▶ What to produce: Out of all the lines below, count those with the word "Комплект". Give the number only.

▶ Task data:

───

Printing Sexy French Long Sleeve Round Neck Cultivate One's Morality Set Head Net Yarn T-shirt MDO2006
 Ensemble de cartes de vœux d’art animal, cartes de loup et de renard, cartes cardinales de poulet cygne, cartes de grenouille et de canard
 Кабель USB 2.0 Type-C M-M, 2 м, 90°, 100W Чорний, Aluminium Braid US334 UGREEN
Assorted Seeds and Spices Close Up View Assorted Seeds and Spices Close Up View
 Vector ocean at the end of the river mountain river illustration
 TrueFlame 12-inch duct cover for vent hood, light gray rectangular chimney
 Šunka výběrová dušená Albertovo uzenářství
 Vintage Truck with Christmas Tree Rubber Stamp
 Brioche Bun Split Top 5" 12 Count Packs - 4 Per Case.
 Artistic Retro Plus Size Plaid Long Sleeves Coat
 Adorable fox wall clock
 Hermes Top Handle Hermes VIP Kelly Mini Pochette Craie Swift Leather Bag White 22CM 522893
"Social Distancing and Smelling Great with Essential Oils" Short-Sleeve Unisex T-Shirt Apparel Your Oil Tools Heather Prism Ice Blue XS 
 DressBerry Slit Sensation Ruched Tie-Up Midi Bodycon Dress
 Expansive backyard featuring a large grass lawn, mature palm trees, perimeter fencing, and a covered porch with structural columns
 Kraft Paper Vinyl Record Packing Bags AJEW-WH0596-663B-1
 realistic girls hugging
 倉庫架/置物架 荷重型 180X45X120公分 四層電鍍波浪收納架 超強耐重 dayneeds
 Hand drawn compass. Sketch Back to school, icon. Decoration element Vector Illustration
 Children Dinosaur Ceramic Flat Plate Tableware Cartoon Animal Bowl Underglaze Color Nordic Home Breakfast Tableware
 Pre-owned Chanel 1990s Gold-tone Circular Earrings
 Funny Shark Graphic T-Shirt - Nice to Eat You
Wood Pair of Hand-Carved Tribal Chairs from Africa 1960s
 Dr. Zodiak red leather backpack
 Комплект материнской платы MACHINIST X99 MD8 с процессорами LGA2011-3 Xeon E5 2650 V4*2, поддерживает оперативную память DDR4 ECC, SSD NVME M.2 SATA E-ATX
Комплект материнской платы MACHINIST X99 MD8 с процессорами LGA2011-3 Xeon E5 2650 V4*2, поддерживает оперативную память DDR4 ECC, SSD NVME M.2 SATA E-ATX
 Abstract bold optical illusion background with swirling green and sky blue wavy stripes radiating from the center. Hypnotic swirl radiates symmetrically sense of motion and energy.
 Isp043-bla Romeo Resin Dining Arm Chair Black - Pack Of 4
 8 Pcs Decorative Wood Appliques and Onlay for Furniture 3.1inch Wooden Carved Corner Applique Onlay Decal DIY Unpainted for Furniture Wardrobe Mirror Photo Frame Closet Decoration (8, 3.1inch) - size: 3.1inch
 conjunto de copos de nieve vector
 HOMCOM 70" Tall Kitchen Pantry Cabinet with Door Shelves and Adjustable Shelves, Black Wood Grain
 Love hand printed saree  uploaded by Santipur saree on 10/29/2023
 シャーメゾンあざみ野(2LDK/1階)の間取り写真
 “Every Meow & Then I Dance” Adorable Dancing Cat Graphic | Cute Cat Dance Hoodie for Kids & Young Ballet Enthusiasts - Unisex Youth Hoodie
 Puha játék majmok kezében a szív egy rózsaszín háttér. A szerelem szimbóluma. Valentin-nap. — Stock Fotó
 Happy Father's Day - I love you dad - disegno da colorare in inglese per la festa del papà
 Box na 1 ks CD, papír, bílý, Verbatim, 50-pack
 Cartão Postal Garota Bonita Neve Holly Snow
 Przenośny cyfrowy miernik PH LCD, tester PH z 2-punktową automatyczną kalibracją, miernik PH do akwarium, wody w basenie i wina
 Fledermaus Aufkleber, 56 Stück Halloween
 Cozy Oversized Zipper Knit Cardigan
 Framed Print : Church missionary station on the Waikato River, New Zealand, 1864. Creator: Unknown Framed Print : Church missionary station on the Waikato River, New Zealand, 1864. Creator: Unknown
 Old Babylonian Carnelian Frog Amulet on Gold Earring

───

▶ Task solution: 2